JLC. Et après les six mois chez André Lhote, tu as continué ailleurs ?
MT. J’ai voulu entrer à l’école des Beaux-Arts, mais c’était davantage pour bénéficier d’un sursis – je n’avais pas envie d’aller faire la guerre en Algérie – que pour l’enseignement de l’école. J’ai réussi toutes les épreuves du concours d’entrée, mais quand il a fallu que je montre mes travaux, évidemment très marqués par le cubisme de Lhote, le jury m’a immédiatement recalé ! Du coup, je suis parti pour l’Algérie puis, pour compléter ma formation au retour, j’ai fréquenté l’atelier de Lapoujade, où j’ai appris pas mal de choses, souvent en contradiction avec l’enseignement d’André Lhote d’ailleurs : la gestualité par exemple.

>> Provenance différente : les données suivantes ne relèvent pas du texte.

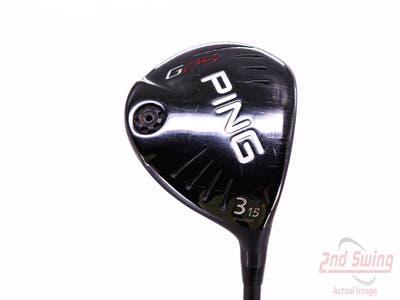 Ping G25 Fairway Wood 3 Wood 3W 15° Ping TFC 189F Graphite Stiff Right Handed 43.0in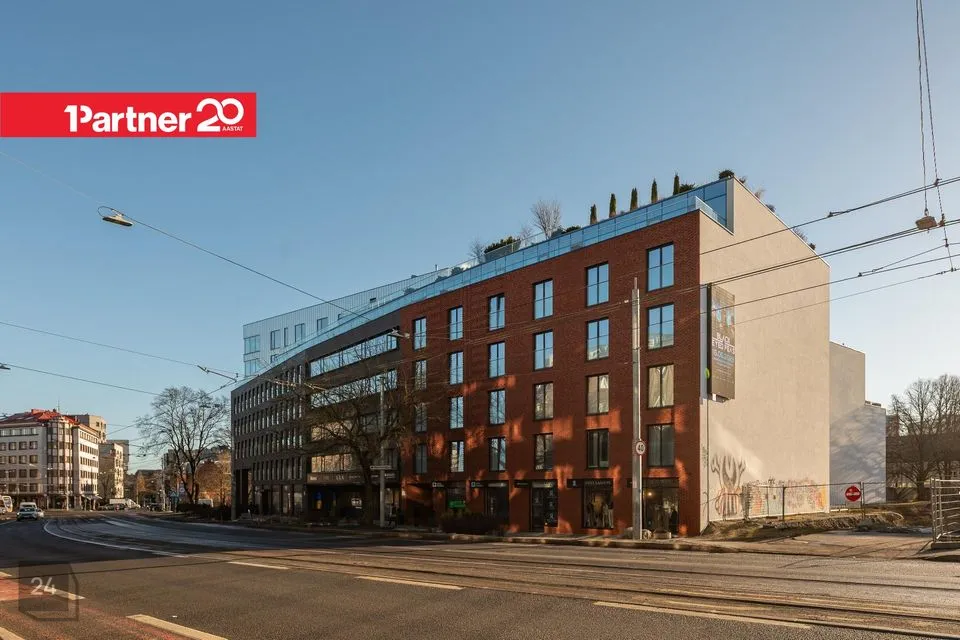 1-toaline Korter  -  Tallinn, Kesklinna linnaosa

JLC. De quand date ton entrée dans la vie d’artiste ?
MT. Mon premier vrai contact avec le monde professionnel s’est fait au début des années 60 par le critique Jean-Jacques Lévêque qui était responsable de la galerie Le Soleil dans la tête, rue de Vaugirard. C’est là que j’ai rencontré Rancillac, Voss, Télémaque et d’autres. J’ai immédiatement senti qu’il y avait des atomes crochus entre la bande de ceux qui allaient constituer la Figuration narrative et moi. Mais en même temps, j’étais gêné par le côté pop de leur démarche que, tout en l’appréciant, je ne pouvais adopter. Je n’ai jamais renoncé à l’idée qu’il est nécessaire de transformer l’objet représenté et donc, je n’ai jamais pu me joindre complètement à un courant qui faisait un si large usage de la photographie et peignait les objets de manière directe.

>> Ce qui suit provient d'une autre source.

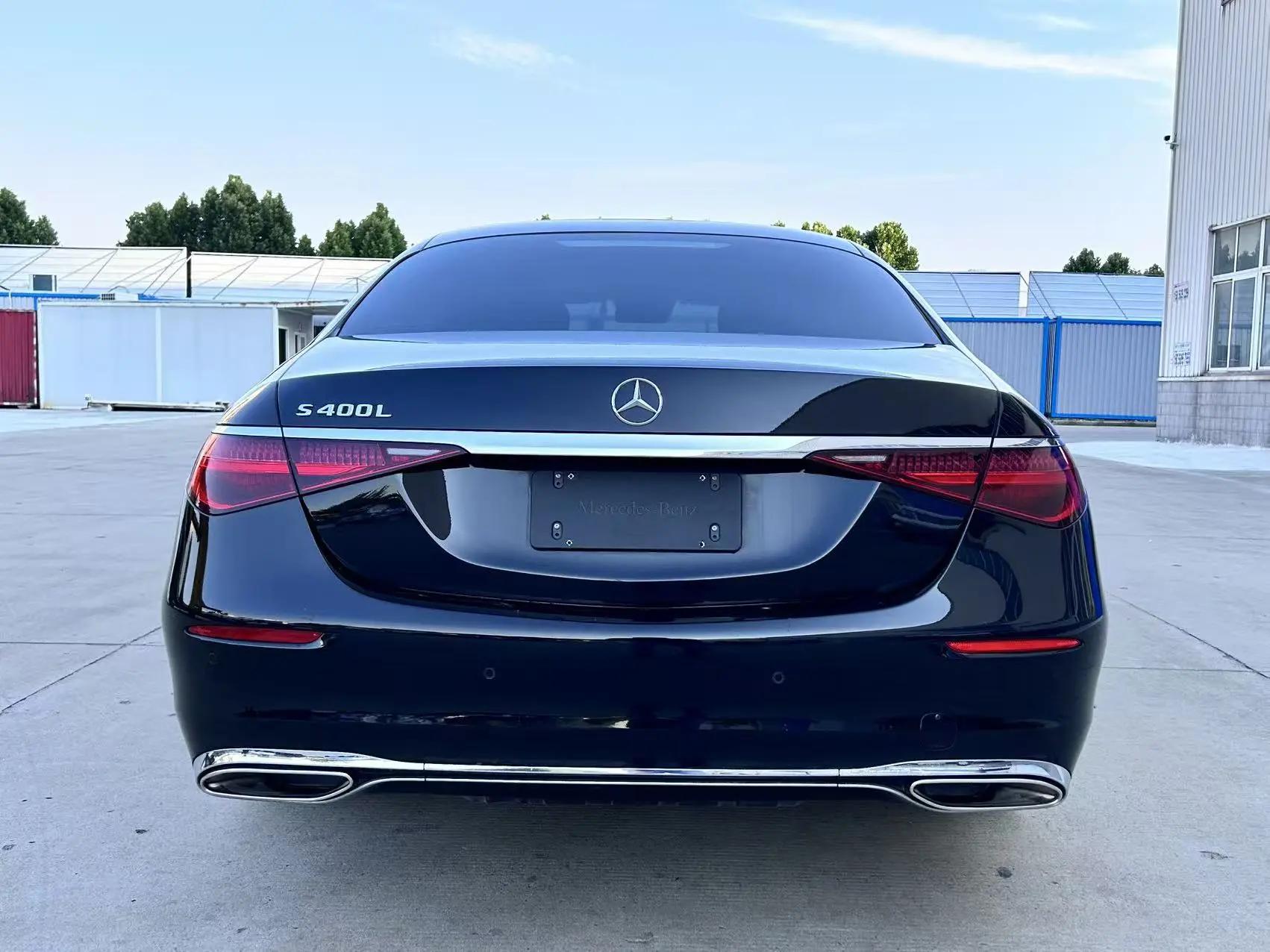 Mercedes Benz S-Class (Imported) 2023 S 400 L 48V 2.5T Business Edition Automatic 8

JLC. Tu es allergique aux techniques de report photographique ?
MT. On peut dire comme cela: c’est complètement instinctif ; je n’ai jamais pu franchir ce pas là. Et pourtant je me rendais parfaitement compte que ce que faisaient mes amis était intéressant, nécessaire même face à l’emprise de l’abstraction à l’époque, et que c’était bien de constituer un groupe. De ce seul fait, ils pouvaient plus facilement exposer. Des solidarités jouaient... Mais il m’était impossible de les rejoindre, ma peinture fonctionnait de manière vraiment trop différente, ce qui me condamnait à une certaine solitude. Je suis toujours resté à la lisière de la Nouvelle figuration.

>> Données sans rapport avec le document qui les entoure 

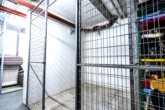 Kellerabteil - 2-Zimmer-Wohnung mit großem Balkon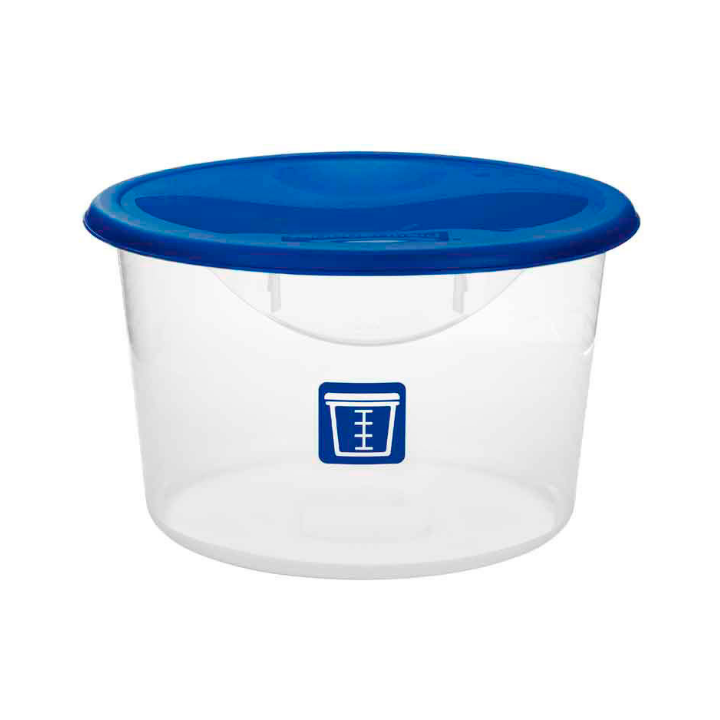 Voedselcontainer verse vis, 11.4 liter, VB 232677 (6 stuks) - 1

JLC. Humainement parlant, tu n’es pas solitaire ; le nombre de tes amis le prouve, mais artistiquement c’est donc ton besoin de pratiquer une peinture personnelle, sans concession d’aucune sorte, qui t’a coupé des autres.
MT. Peut-être.

JLC. Ce qui peut vouloir dire aussi que tu n’es pas de ceux qui formalisent leur travail avant de commencer à peindre.
MT. C’est vrai, je suis capable d’analyser des tas de choses dans mon travail, mais seulement après avoir fait le tableau. Avant, il n’en est pas question. J’ai besoin d’une impulsion sous la main et dans les yeux avant que cela n’entre dans ma tête.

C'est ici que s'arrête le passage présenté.